Encountering the Past: Civil Rights and the History of the Present (HS 100.21, HS 100.22)
Dr. Sam Klug
This course examines how the civil rights movement has shaped the modern United States. On issues ranging from voting rights to the minimum wage, contemporary political conflicts often reflect divisions forged during the civil rights era, and contemporary political debate often invokes the civil rights movement’s legacy. In this class, we will explore the histories of the civil rights and Black Power movements, their lasting effects on Black politics, activism, and thought, and their impact on the development of American society since the middle of the twentieth century. We will further interrogate the ways the midcentury Black freedom movement is remembered and invoked in contemporary public discourse, in order to investigate the relationship between history, mythmaking, and memory. A central emphasis of this course will be the critical analysis of the uses to which history is put in the present.

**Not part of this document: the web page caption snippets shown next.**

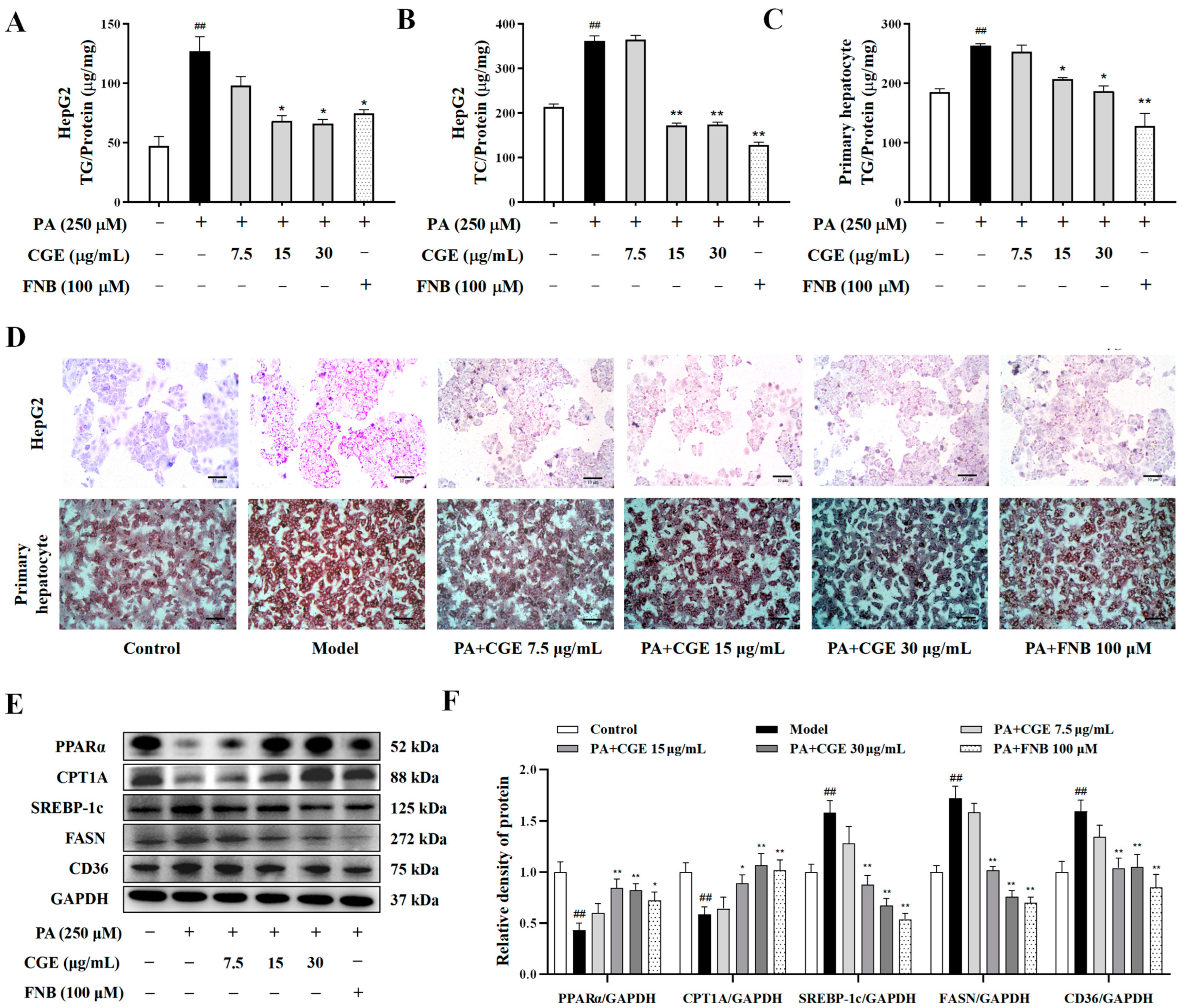 Antioxidants 13 01136 g002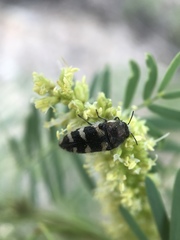 Acmaeodera tuta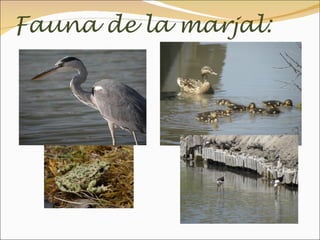 Fauna de la marjal:
 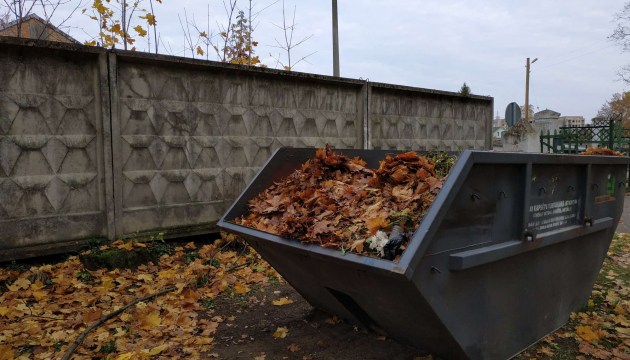 На всю опавшую листву не хватает контейнеров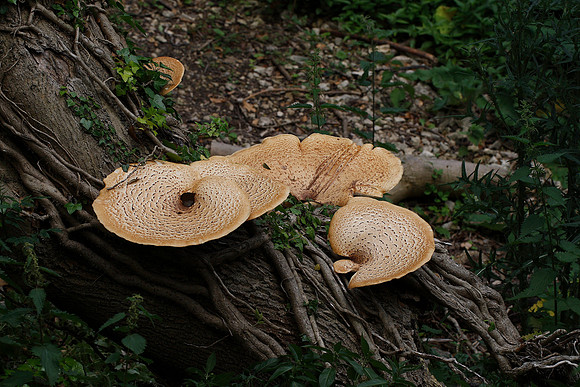 Fungus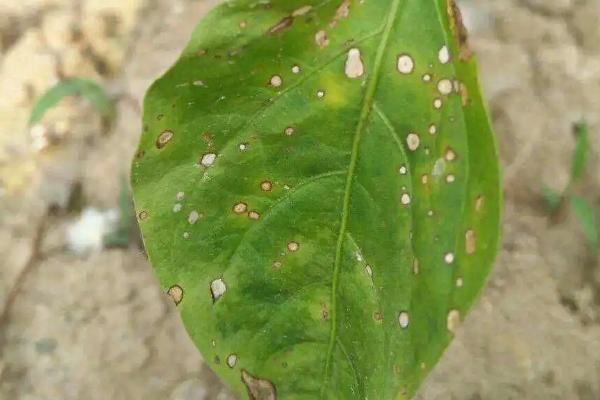 秋季怎么防治辣椒病害，与瓜类、豆类轮作可预防辣椒青枯病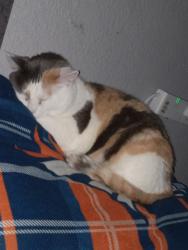 Lost Female Cat last seen Meridian rd and ustick, Meridian, ID 83646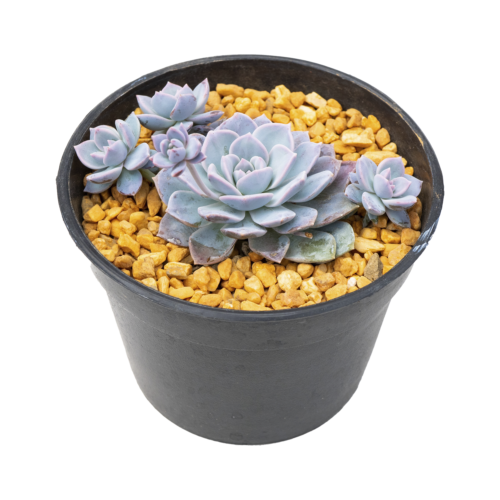 Sedum alienum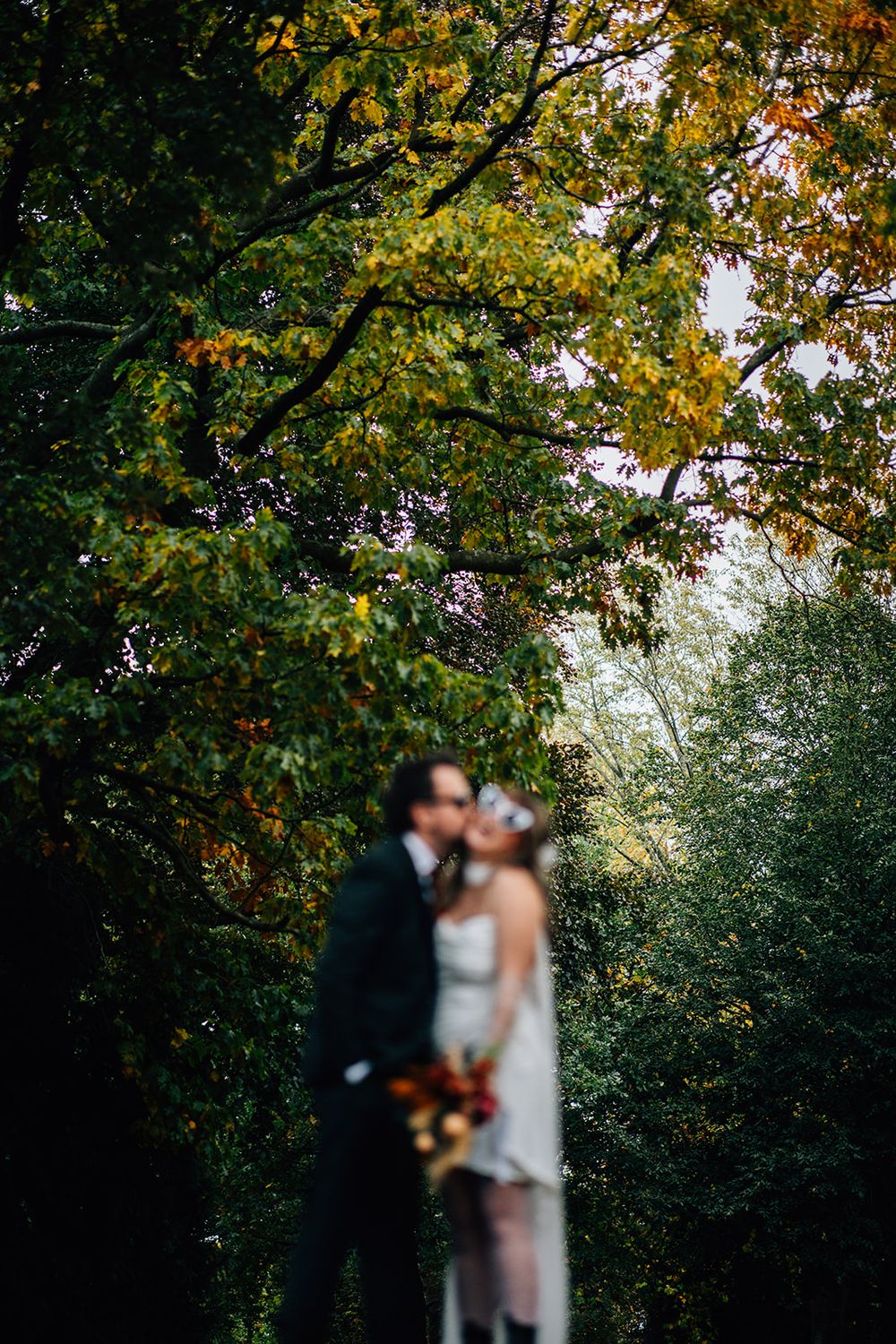 Autumn trees with golden leaves frame a romantic outdoor scene.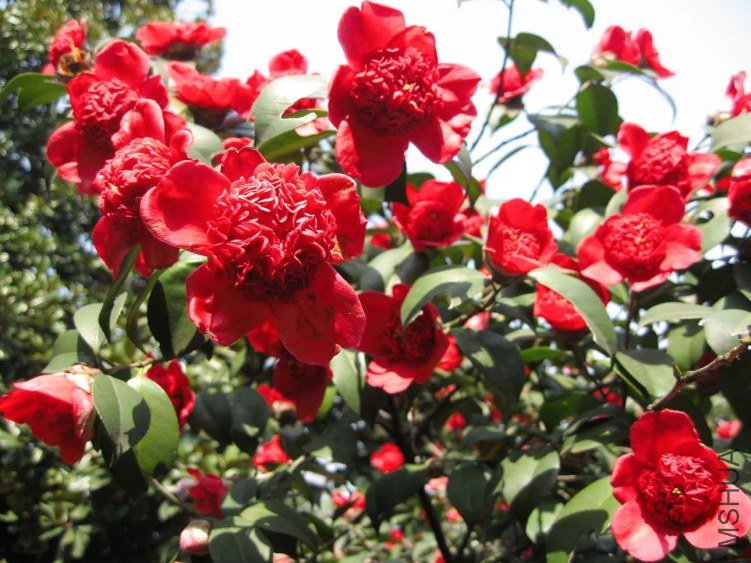 ������֦ 2012-3-27ca 055.jpg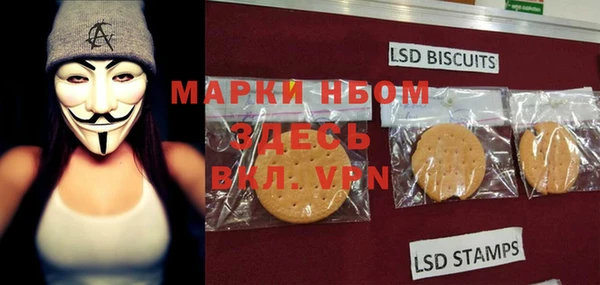 индика Белокуриха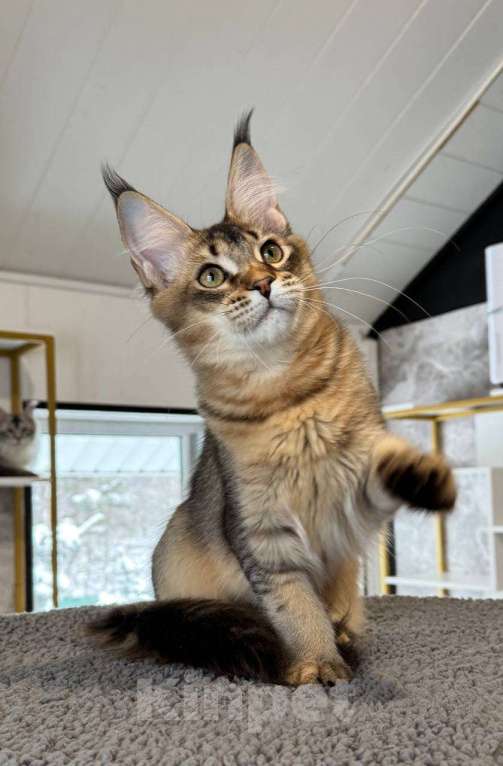 Кошки в Санкт-Петербурге: Девочка мейн кун Девочка, 30 000 руб. - фото 2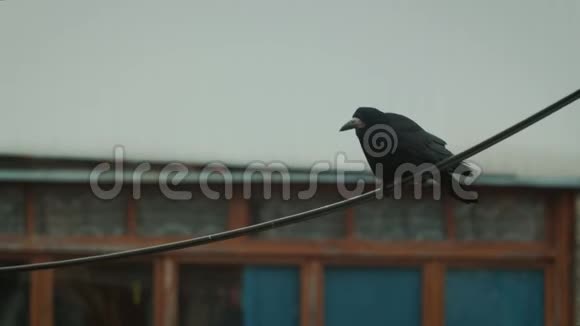 黑乌鸦坐在电线上要飞走了视频的预览图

Encountering the Past: Legacies of Modern Empire (HS 100.23, HS 100.24)
Dr. Sam Klug
Far from being a relic of the ancient world, empires existed across the world well into the twentieth century, and some people would argue they still exist today. This course will explore the legacies of modern empire with a focus on two questions. How did colonial empires leave their mark on the contemporary world? And what were the consequences of the fall of modern empires and the rise of independent nation-states—a process sometimes called decolonization? Rather than taking a survey approach, we will investigate these questions through two case studies: Ghana, which gained its independence from the British Empire in 1957; and Puerto Rico, which remains an unincorporated territory of the United States. These very different cases are useful lenses for looking at how historians interpret the past, because they shed light on historical debates about what defines an empire, how (and whether) empires should be compared, and what happens when empires end. As we examine these debates, we will also discuss how the legacy of empire has influenced contemporary ideas about democracy, citizenship, migration, race, gender, and capitalism.